---------- Data segment ----------

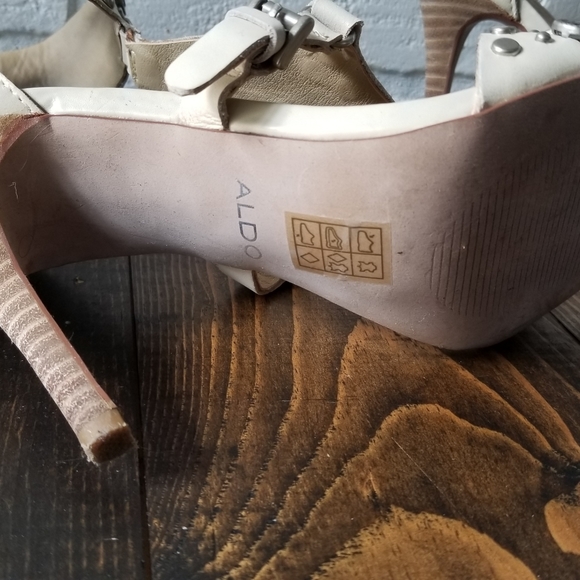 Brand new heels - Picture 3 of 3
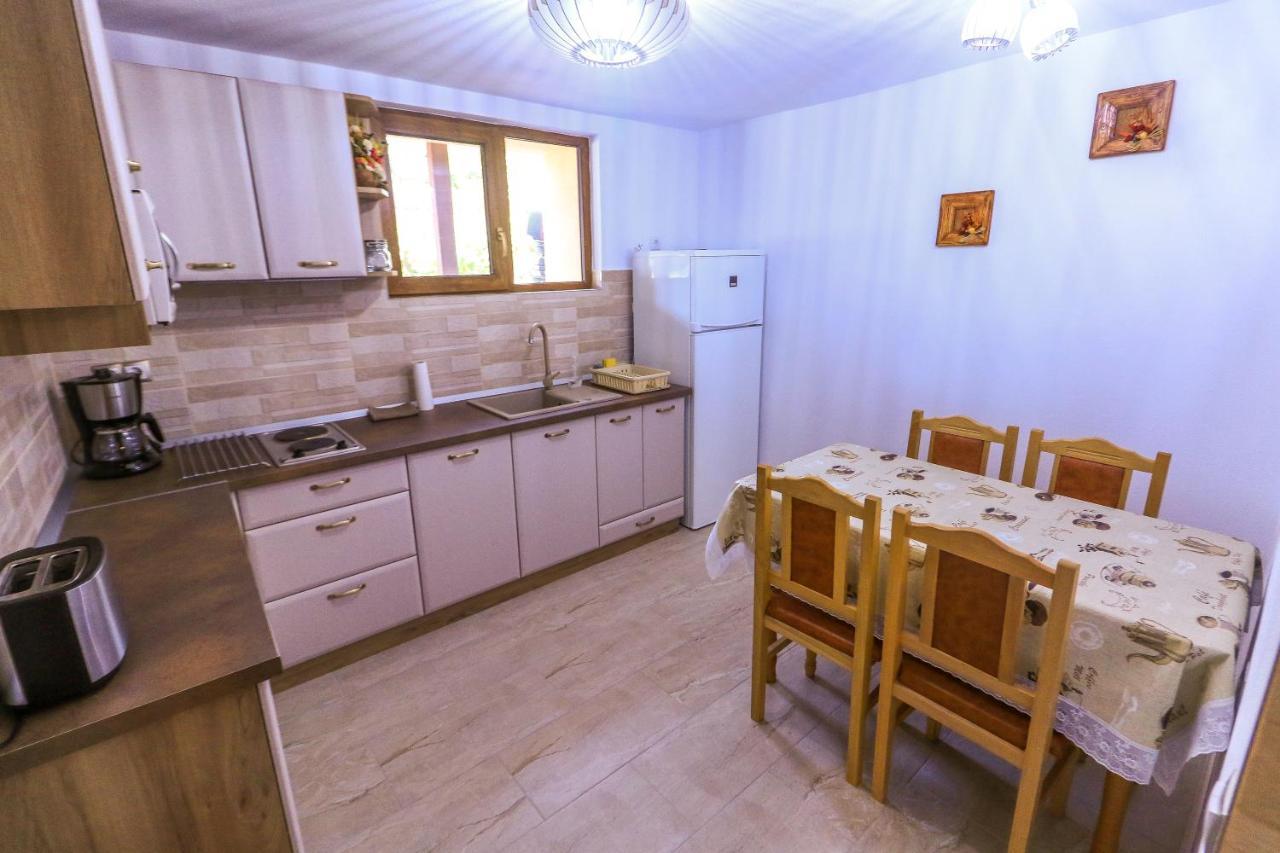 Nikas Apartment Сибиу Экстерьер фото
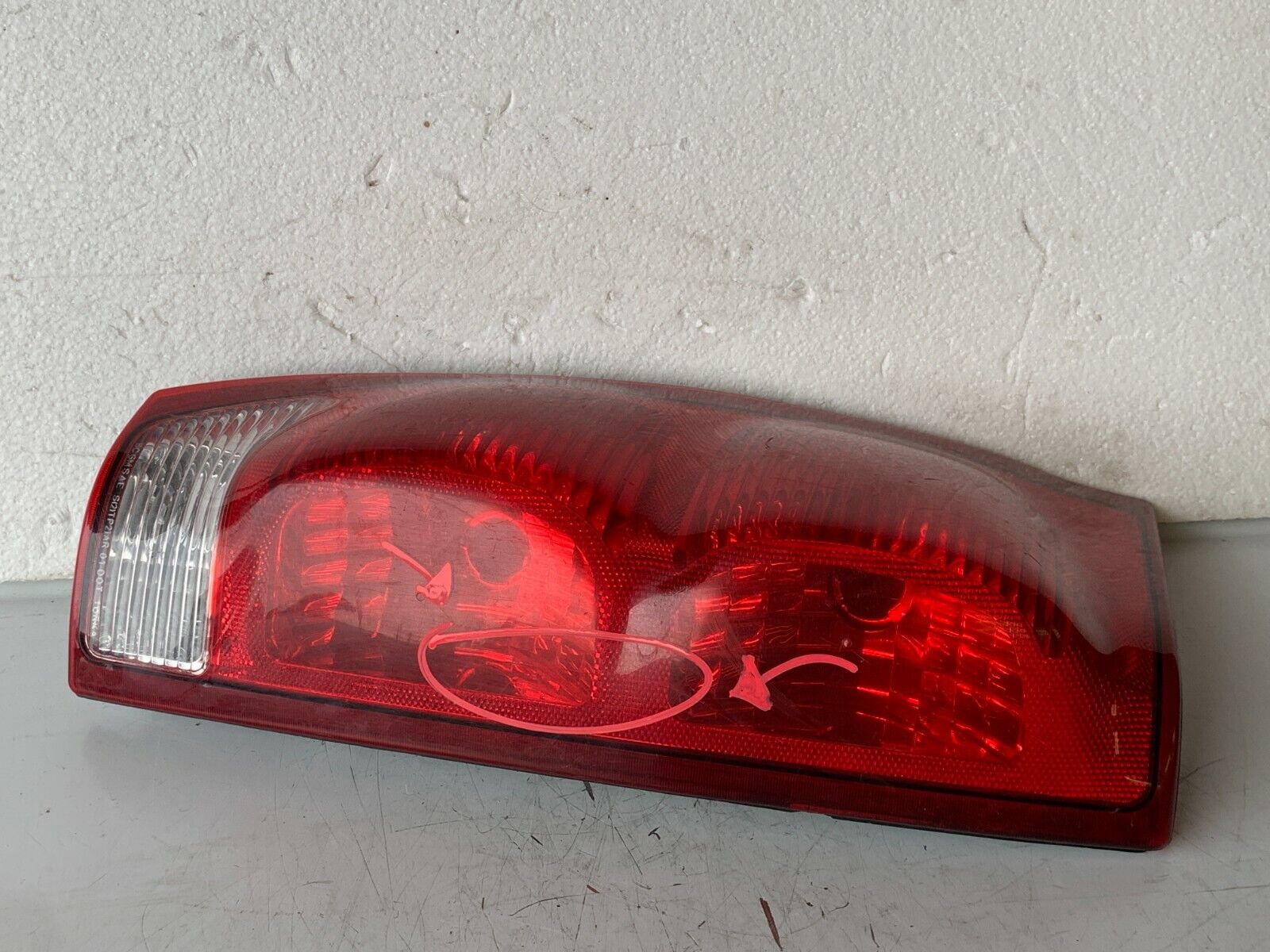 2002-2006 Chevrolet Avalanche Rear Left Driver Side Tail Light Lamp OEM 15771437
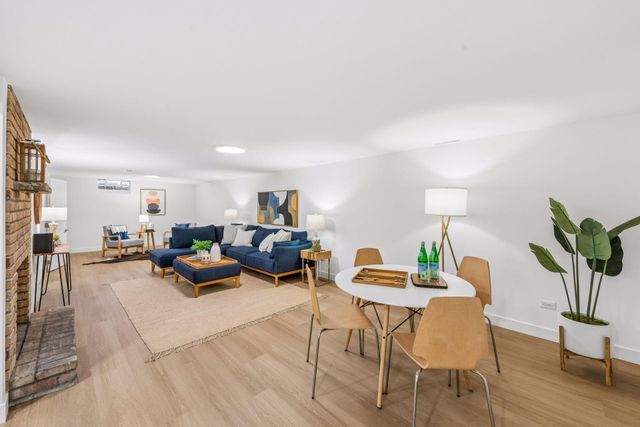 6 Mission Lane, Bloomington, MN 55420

----------

> What to produce
From the line containing "2002-2006 Chevrolet Avalanche" to the final line above, both included, transcribe every line exactly and leave all pictures out.

> Answer to the exercise
 2002-2006 Chevrolet Avalanche Rear Left Driver Side Tail Light Lamp OEM 15771437
 6 Mission Lane, Bloomington, MN 55420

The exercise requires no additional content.